STUDY MATERIAL:
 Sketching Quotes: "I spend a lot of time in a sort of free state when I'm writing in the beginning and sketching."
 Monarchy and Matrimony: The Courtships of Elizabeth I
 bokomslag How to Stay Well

--

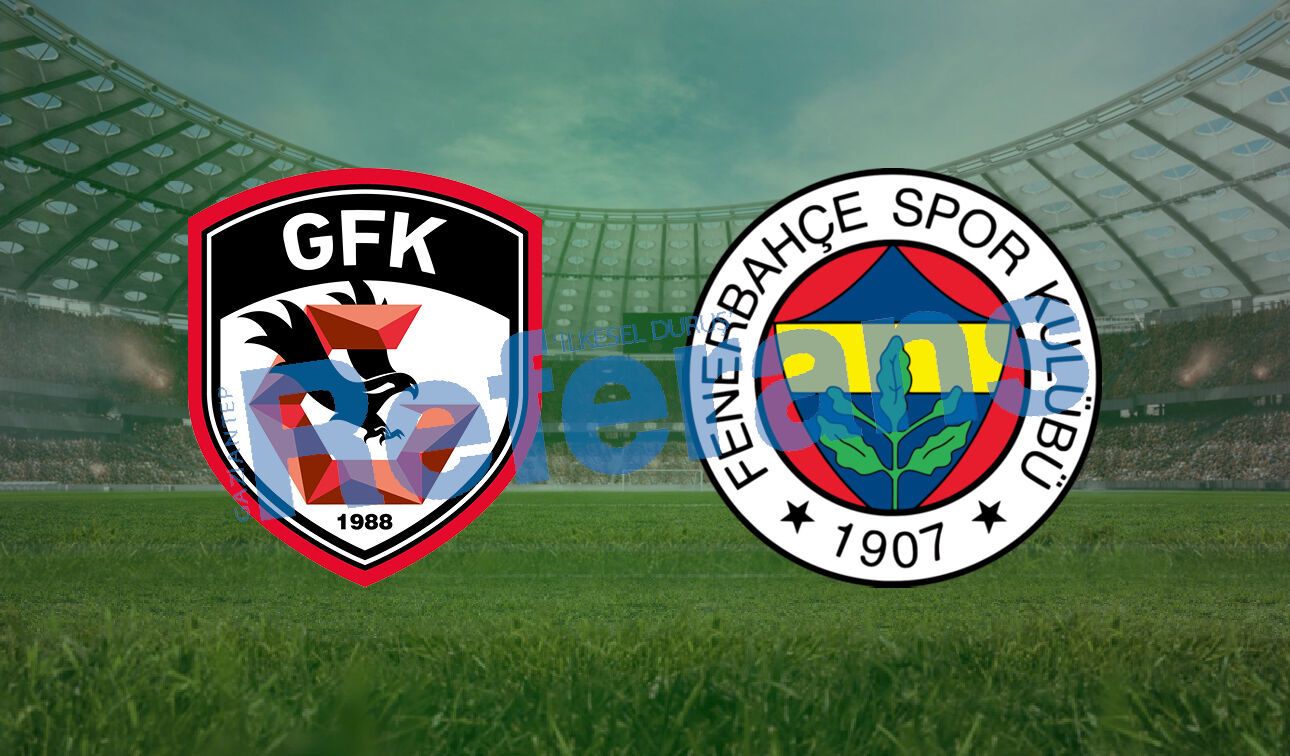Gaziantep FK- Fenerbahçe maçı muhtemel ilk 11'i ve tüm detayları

ACTIVITY: Copy out precisely the lines from the line with "Monarchy and Matrimony: The" to the line with "bokomslag How to Stay Well" in the material above, including those two lines and omitting all the rest.

ANSWER TO THIS TASK:
 Monarchy and Matrimony: The Courtships of Elizabeth I
 bokomslag How to Stay Well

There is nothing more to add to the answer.